Trust me, Elizabeth has the ability to achieve, she has the want to achieve and she has the personality to make everyone like spending time with her.  But her dyspraxia makes it hard to do these things without some support, SOME support, not doing it for her, not taking away the chance to learn the skill, and not making her feel like she is a young child.  And trust me here as well, I am guilty as charged in the above crimes…I, too, am growing with Elizabeth.  Our family, is growing with Elizabeth.  The fact that we are growing and changing together means we can keep seeing these wonderful gains.  But everyone needs to be on the same “attitude page” and that is where the focus of our last meeting took us.

Good things come in some ugly wrappers sometimes…and the good of our shut down in September were these gifts I just discussed.

Seeing Elizabeth each morning, I remind myself of this next wonderful layer of Elizabeth we are now seeing and fostering. I too know ” It Is All About the Attitude”

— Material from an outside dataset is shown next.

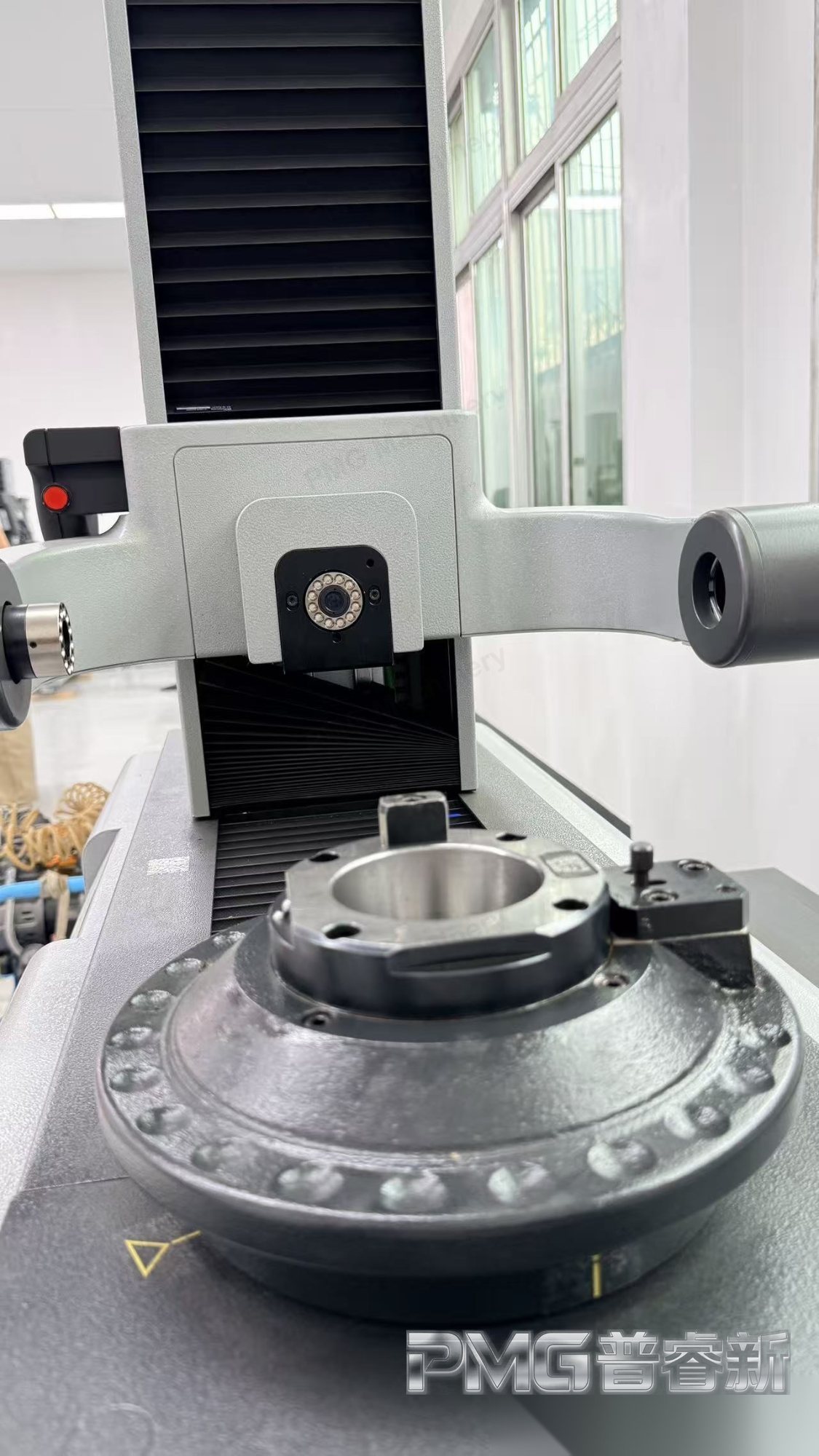 2015 ZOLLER Venturion 450 machine photo 4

This journey with our special children winds and winds and, as we all know, there are some very tough spots to climb, when you can’t see where to put your feet next but sometimes when you come to a place in the road that has quite the view, you simply glad you can take a moment to enjoy and for a bit to be glad you arrived.

I wish you all a peaceful week.


3 thoughts on “It Is All About the Attitude

  1. Yes, this resonates very much with me. i was thinking along these lines as I woke my G up this morning. Even making the bed is such a challenge for him executive function- and motor skills-wise. ut he’s got a pile of books next to his bed that could take over the house. And so many feelings…Oy.
    Anyhoo, thanks! Nice to feel understood and to have a shared experience on some level – and to share the highest hopes for our (growing up) babies.

  2. I would like to say that every day can go bad or good depending on how you think of it. I’m only 12 and had a similar experience when I was in fifth grade. I had moved to a new school because my old school closed and was combined with another school. Everyone said that the new school would be wonderful and it was a beautiful new building. But I felt terrible and lost. I almost felt like I didn’t remember anybody I had known before. I even forgot everything I learned. My new special ed teacher made me go back to the beginning in math and even gave me second-grade worksheets with cute pictures on them. Yuck! I wasn’t a baby. Now I try to make every day more liveable with my dyspraxia. It is not easy and my parents don’t always understand.